*** Begin section ***

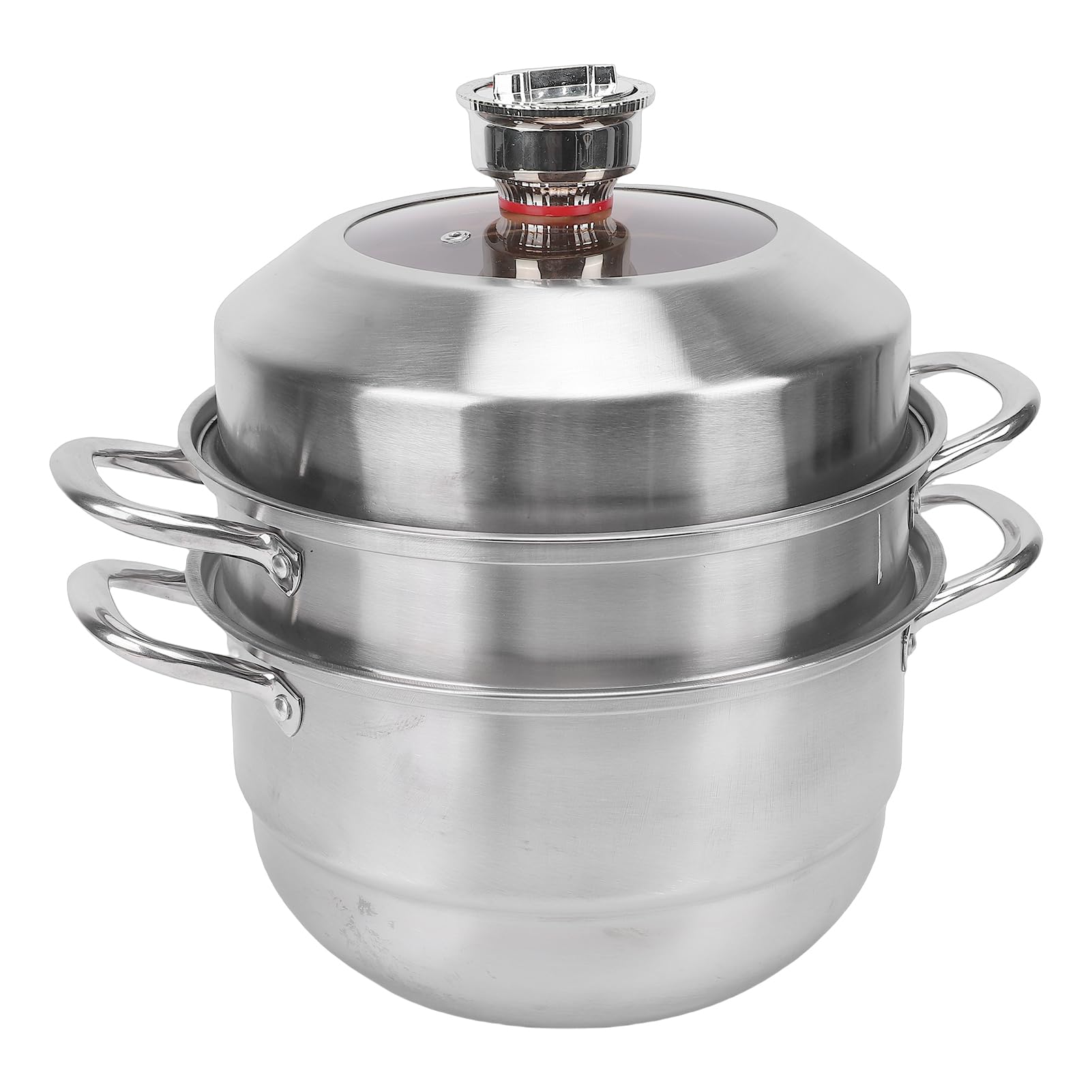 PUSOKEI Olla de de 3 Capas de Acero Inoxidable con Temporizador para Cocina de Inducción, Olla de Cocción Multifunción de Gran Capacidad para Uso Familiar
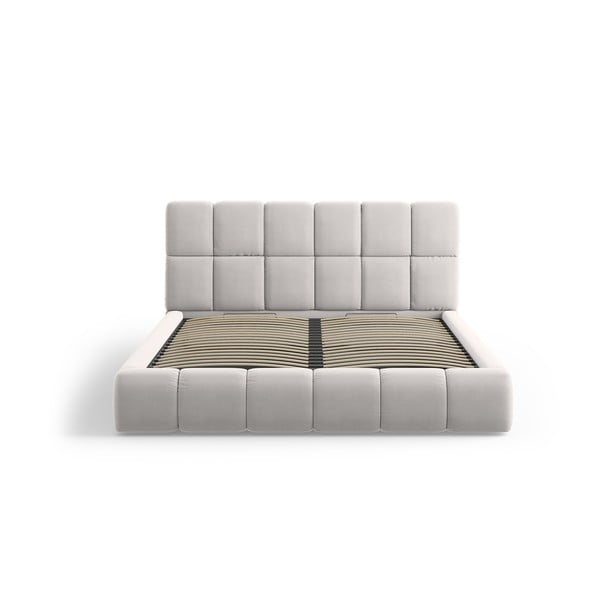 Svetlosivá zamatová čalúnená dvojlôžková posteľ s úložným priestorom s roštom 200x200 cm Bellis – Micadoni-image-3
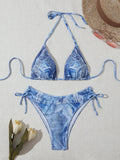 Women's denim printed bikini set with strap design in denim blue colour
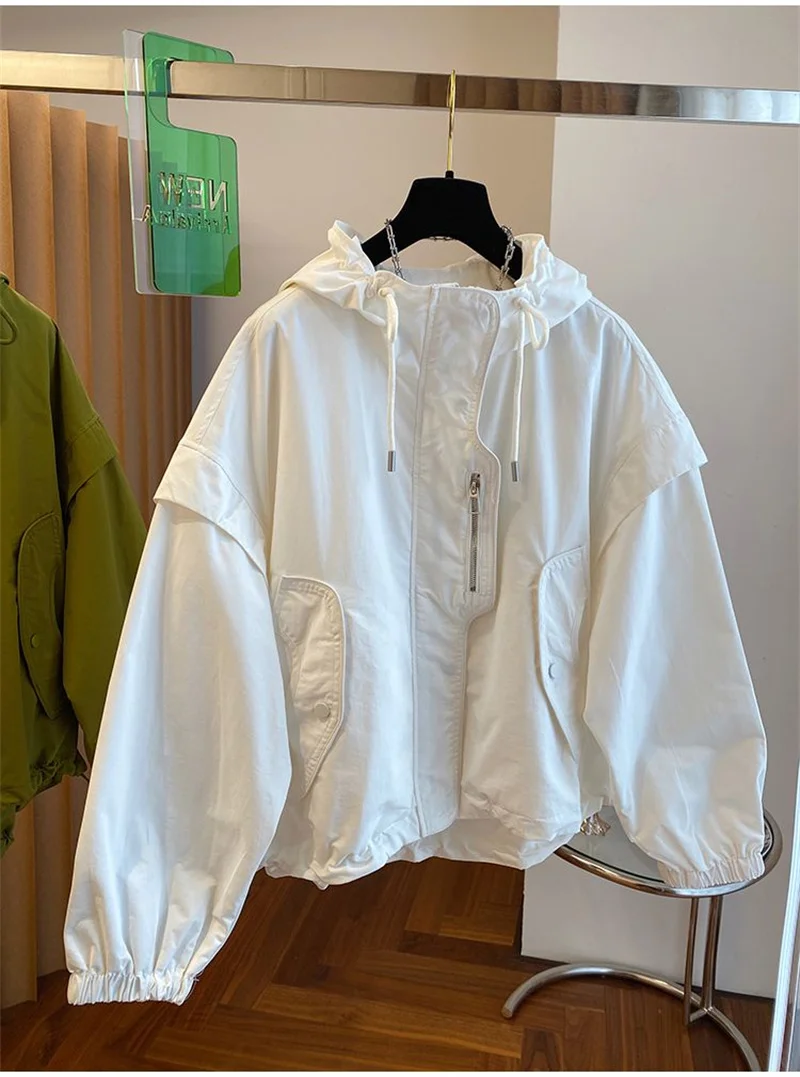 Summer Women Thin Jacket 2026 New Casual Short Jacket Top Loose Breathable Drawstring windbreaker Hooded Sun Protection Clothes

*** End section ***

◆ **TASK**: Your reply should consist solely of the lines from the one containing "Svetlosivá zamatová čalúnená" through the last line of the material, reproduced exactly and without pictures.

◆ **OUTPUT**:
 Svetlosivá zamatová čalúnená dvojlôžková posteľ s úložným priestorom s roštom 200x200 cm Bellis – Micadoni-image-3
 Women's denim printed bikini set with strap design in denim blue colour
 Summer Women Thin Jacket 2026 New Casual Short Jacket Top Loose Breathable Drawstring windbreaker Hooded Sun Protection Clothes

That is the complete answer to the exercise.